# Material for the task
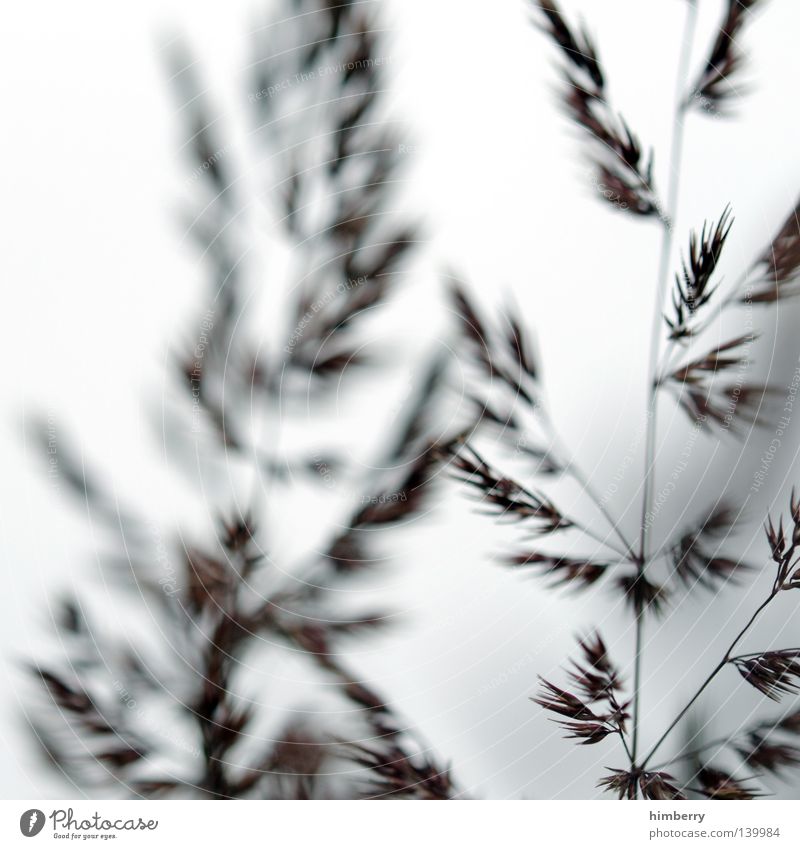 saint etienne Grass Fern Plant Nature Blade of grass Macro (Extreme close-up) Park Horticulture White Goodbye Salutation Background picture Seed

==

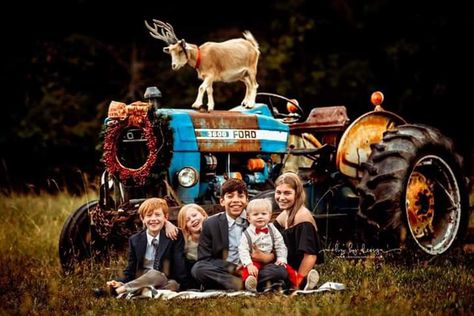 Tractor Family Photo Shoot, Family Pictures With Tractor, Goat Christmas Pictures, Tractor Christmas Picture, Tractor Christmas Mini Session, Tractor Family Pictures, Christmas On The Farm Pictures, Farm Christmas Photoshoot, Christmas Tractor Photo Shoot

...

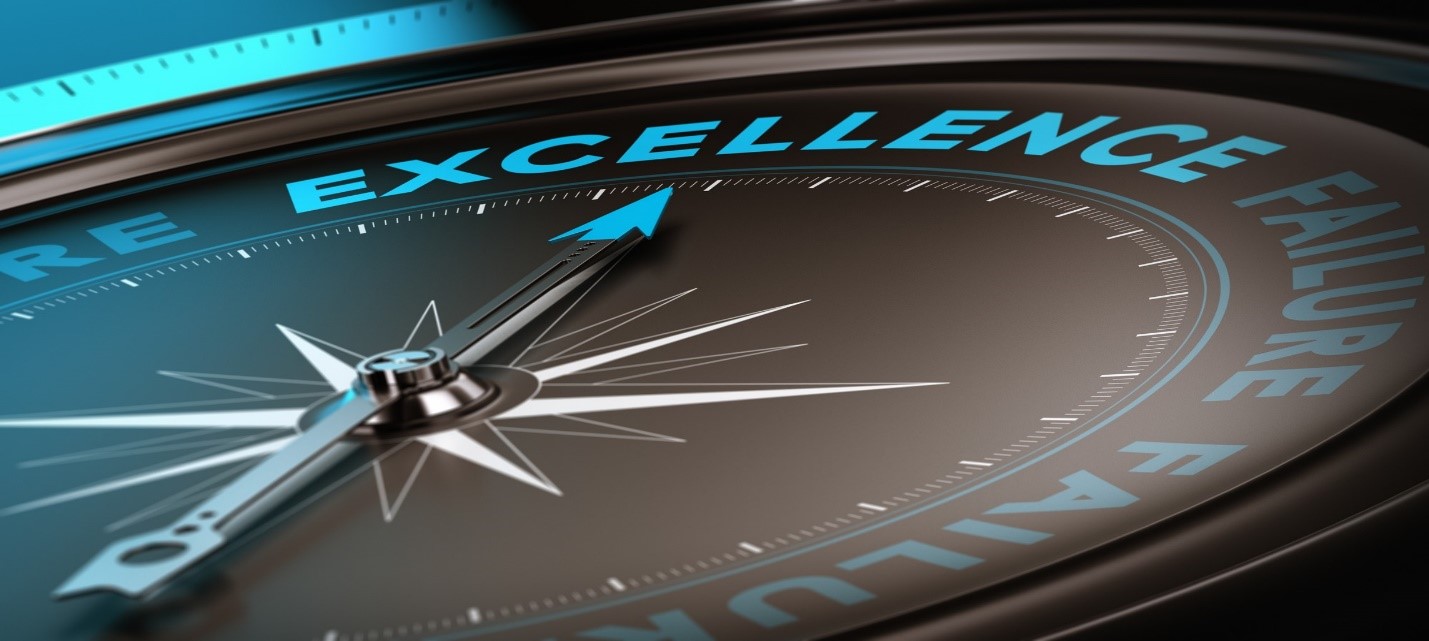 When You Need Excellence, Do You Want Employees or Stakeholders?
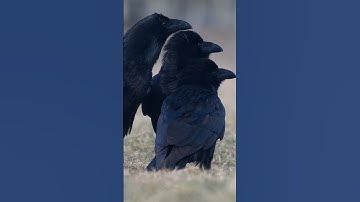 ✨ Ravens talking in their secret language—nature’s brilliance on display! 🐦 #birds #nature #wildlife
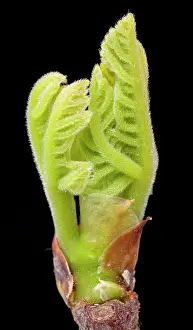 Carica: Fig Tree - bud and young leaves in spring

# What the task asks
Leaving every picture aside, reproduce exactly the lines above from the one with "#birds #nature #wildlife" up to and including the one with "Carica: Fig Tree", and no others.

# Problem solution
 ✨ Ravens talking in their secret language—nature’s brilliance on display! 🐦 #birds #nature #wildlife
 Carica: Fig Tree - bud and young leaves in spring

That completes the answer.